Perhaps, when I accepted the invitation back in February to speak at an event hosted by Spiked Online entitled "The Future of the Media", I genuinely believed there was something more to add to the debate. This past week, as I was planning what to say during my talk, I happened to mention it over dinner to a friend - the kind of friend who revels in the future; indeed, practically lives in it. "What kind of future?" he demanded. "Ten years, fifty?" I replied to the effect that he had probably missed the point.
For as long as I can remember, groups of journalists have huddled together in venues across London to debate in earnest their future in the face of pervasive, networked communications platforms that are open and accessible to all comers. They have gasped in collective shock at the so-called "citizen journalist" and looked on in horror as their recasting of these individuals as "users", "generating content", has failed to make them go away. But as the editor of Spiked, Brendan O'Neill, pointed out on the night of the future media talk itself, pitching new media against old is a false battle. It is a way to blame technology for all the difficult developments in press and broadcasting over the past ten years - convergence of media ownership, commercial pressures, budget cuts and dumbing down.
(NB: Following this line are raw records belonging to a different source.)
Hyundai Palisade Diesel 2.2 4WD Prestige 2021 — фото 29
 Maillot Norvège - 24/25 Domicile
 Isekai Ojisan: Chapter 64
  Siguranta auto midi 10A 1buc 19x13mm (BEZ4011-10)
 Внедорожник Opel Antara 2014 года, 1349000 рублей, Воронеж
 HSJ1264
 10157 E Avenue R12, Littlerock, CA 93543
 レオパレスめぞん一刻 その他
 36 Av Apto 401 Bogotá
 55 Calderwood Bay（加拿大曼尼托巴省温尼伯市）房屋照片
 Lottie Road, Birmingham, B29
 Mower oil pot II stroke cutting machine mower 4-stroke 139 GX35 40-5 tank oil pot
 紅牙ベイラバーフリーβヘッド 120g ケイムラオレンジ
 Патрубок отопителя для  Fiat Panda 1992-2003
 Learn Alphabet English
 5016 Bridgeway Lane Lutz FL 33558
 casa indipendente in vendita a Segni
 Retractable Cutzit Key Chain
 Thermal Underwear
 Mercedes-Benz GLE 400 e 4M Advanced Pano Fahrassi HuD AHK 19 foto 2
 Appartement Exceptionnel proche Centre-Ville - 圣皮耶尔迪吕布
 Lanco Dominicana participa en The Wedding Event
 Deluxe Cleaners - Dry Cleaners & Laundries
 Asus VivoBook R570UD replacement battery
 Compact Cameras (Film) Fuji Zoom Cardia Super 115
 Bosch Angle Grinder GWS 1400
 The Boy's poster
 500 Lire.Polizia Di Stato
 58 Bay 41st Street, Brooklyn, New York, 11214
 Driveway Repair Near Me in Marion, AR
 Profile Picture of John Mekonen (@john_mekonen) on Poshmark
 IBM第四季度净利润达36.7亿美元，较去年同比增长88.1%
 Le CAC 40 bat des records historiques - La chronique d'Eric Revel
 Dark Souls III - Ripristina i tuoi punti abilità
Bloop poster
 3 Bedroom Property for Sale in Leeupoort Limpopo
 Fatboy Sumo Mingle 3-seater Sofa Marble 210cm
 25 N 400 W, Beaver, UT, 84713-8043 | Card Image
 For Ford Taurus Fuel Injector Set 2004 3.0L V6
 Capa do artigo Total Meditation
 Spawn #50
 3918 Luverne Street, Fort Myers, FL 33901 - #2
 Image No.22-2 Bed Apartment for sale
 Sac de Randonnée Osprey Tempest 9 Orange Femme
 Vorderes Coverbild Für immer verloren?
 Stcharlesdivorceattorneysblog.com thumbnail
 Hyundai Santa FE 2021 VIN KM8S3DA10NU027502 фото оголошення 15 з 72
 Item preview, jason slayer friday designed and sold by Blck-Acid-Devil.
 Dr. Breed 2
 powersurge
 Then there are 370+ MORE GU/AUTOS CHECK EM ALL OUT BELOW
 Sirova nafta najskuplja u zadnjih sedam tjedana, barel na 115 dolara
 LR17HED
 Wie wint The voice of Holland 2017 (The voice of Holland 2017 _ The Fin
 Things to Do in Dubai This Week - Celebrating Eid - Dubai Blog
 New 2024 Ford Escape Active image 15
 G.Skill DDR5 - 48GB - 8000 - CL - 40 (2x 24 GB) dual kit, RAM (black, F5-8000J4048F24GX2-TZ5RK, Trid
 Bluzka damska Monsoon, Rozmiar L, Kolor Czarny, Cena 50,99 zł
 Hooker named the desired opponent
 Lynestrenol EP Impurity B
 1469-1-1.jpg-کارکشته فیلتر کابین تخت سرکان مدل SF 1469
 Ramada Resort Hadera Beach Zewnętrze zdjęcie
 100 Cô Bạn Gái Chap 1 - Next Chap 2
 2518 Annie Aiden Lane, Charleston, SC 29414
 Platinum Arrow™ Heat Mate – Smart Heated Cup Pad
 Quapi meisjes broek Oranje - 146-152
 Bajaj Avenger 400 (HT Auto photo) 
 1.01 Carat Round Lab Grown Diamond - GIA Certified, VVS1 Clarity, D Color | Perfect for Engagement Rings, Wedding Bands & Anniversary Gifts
Indeed, if it is not blogging that has caused the decline in journalism, then perhaps it is the other way around. Even though many blogs are simply glorified scrapbooks of stories generated by the professional press, there are a few which stand out for that mix of fidelity, engagement and respect for detail that is becoming harder to find in conventional reportage. The best that come to mind are maintained by professionals and academics: Random Acts of Reality (which charts the life of a London Ambulance Service driver), the UK Freedom of Information blog Spyblog ("watching them, watching us") and Mr Chalk.
As Charlie Beckett of the Polis media unit at the London School of Economics has observed, well-informed blogging such as this forms a new part of the ecosystem of sources available to under-resourced journalists on deadline. This is not the future of media, but the present.
The future has its own challenges. Laws and their associated procedures that moderate freedom of expression - libel, intellectual property and, to a lesser extent, decency and hate-speech laws - are too punitive for individuals who lack the ready access to legal expertise of a newspaper or broadcaster. Worse still, online, compliance with these laws is maintained by disinterested internet service providers, and not editors and publishers.
Professional and citizen journalist alike, we need to stop debating what is already happening, and concentrate on the challenges ahead.